Here, we need to consider that the NLL loss does not restrict the distributional redundancy between multiple mixture components for single ground truth. This problem could lead to duplication of the predicted bounding boxes, as well as dispersion of the probability for one object to several mixture components. Thus, we introduce the maximum component maximization (MCM) loss which is the regularization term to the density estimation of the mixture model:

$$\mathcal{L}_{MCM} = -\log \frac{\max(g_i|X)}{p(g_i|X)} \quad (6)$$

$$= -\log \frac{\max(g_i|X)}{\sum_{k=1}^K \pi_k^s \mathcal{F}(b_i; \mu_k^s, \gamma_k^s) \mathcal{P}(c_i; p_k^s)}, \quad (7)$$

$$\max(g_i|X) = \max_{k \in \{1, \dots, K\}} (\pi_k^s \mathcal{F}(b_i; \mu_k^s, \gamma_k^s) \mathcal{P}(c_i; p_k^s)) \quad (8)$$

Figure 5 shows 1-D example for the MCM loss ( $\mathcal{L}_{MCM}$ ). Minimizing the MCM loss reduces the difference of likelihood between  $\max(g_i|X)$  and  $p(g_i|X)$ . Through this, the mixture model is trained to maximize the probability of only one mixture component for one ground truth while reducing the probability of other adjacent components. The total loss function is defined as follows:  $\mathcal{L} = \mathcal{L}_{NLL} + \beta \times \mathcal{L}_{MCM}$ , where  $\beta$  balances between the NLL and the MCM loss.
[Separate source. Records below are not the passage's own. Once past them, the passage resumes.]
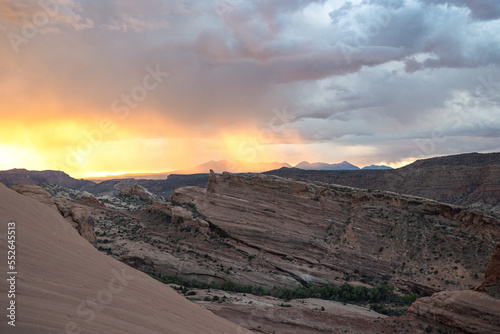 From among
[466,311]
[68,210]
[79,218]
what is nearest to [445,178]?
[466,311]

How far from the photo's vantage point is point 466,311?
15.2 meters

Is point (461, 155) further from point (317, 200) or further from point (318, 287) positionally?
point (318, 287)

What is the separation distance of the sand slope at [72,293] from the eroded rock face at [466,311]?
1132 centimetres

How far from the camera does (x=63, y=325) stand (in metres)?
4.95

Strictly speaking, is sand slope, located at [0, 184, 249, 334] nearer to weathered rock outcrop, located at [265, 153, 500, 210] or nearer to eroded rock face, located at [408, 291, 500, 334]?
eroded rock face, located at [408, 291, 500, 334]

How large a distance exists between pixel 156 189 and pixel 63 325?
125m

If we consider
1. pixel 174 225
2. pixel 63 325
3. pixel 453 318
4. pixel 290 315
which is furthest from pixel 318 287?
pixel 63 325

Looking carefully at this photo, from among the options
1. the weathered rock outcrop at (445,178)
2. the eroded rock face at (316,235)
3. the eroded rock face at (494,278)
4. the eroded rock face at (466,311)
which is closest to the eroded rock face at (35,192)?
the eroded rock face at (316,235)

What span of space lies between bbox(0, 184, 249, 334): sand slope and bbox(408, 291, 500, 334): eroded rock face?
37.2 feet

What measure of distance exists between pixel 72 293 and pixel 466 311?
1670 centimetres

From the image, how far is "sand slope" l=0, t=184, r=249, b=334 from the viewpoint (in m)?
5.12

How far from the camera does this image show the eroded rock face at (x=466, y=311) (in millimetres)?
14458

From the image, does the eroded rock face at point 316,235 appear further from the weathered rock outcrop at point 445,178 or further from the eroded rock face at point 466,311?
the weathered rock outcrop at point 445,178

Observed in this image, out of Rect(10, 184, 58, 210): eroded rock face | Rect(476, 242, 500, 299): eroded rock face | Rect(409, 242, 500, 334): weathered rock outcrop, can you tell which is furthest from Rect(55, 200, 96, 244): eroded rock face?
Rect(476, 242, 500, 299): eroded rock face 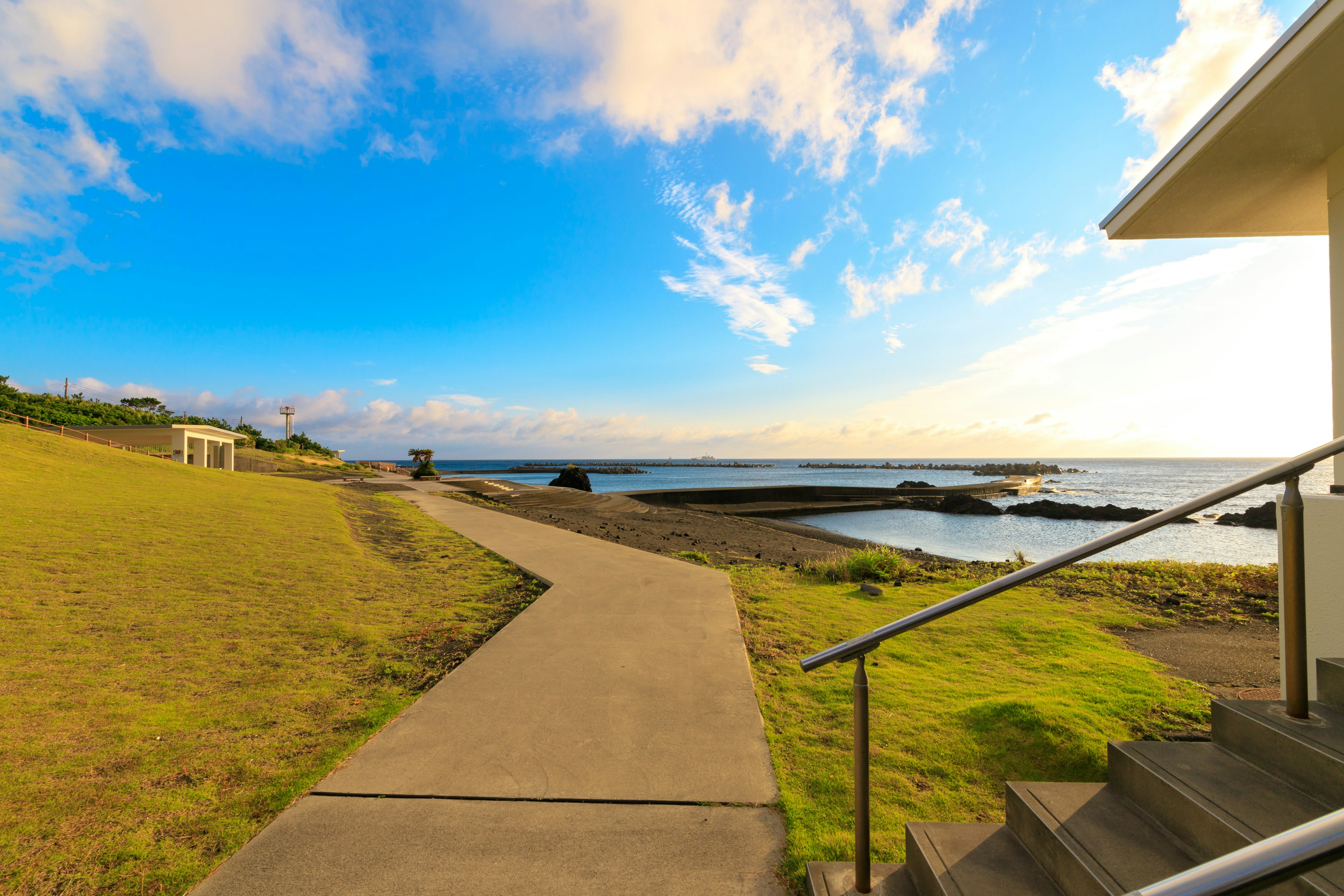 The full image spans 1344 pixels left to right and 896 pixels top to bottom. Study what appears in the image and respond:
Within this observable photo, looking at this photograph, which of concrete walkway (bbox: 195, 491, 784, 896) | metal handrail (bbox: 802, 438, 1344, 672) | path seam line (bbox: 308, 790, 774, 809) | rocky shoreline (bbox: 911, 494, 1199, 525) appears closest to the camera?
metal handrail (bbox: 802, 438, 1344, 672)

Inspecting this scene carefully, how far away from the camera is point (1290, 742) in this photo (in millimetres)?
2078

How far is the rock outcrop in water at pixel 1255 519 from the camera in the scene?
74.0ft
Thetotal loss ( $\mathcal{L}$ ) is computed for all stages of D-RMM, then summed together and back-propagated. To calculate the total loss, we do not need any additional process such as bipartite matching.

### 3.4. Inference

In the inference,  $\mu$  of the last stage is used as the coordinates of the predicted bounding boxes. The class probability  $p_k \in \mathbb{R}^C$  of  $k$ -th mixture component is the softmax output but, just the probability for the class of an object without background probability. Thus, we do not directly use  $p$  as a confidence score of our prediction. Instead, the objectness score  $o$  learned through the mixing coefficient  $\pi$  is used with  $p$ . The confidence score of an  $k$ -th output prediction for class  $c$  is calculated as  $p_{k,c} \times o_k$  where  $p_{k,c}$  is the  $c$ -th element of  $p_k$ . In the same manner as other end-to-end multi-object detectors, D-RMM also obtains final predictions without any duplicate bounding box removal process such as NMS.

## 4. Experiments

### 4.1. Experimental details

**Dataset.** We evaluate D-RMM on MS COCO 2017 (Lin et al., 2014). Following the common practice, we split the dataset into 118K images for the training set, 5K for the validation set, and 20K for the test-dev set. We adopt the standard COCO AP (Average Precision) and AR (Average Recall) at most 100 top-scoring detections per image as the evaluation metrics. We report analysis results and comparison with a baseline on the validation set and compare with other methods on the test-dev and validation set.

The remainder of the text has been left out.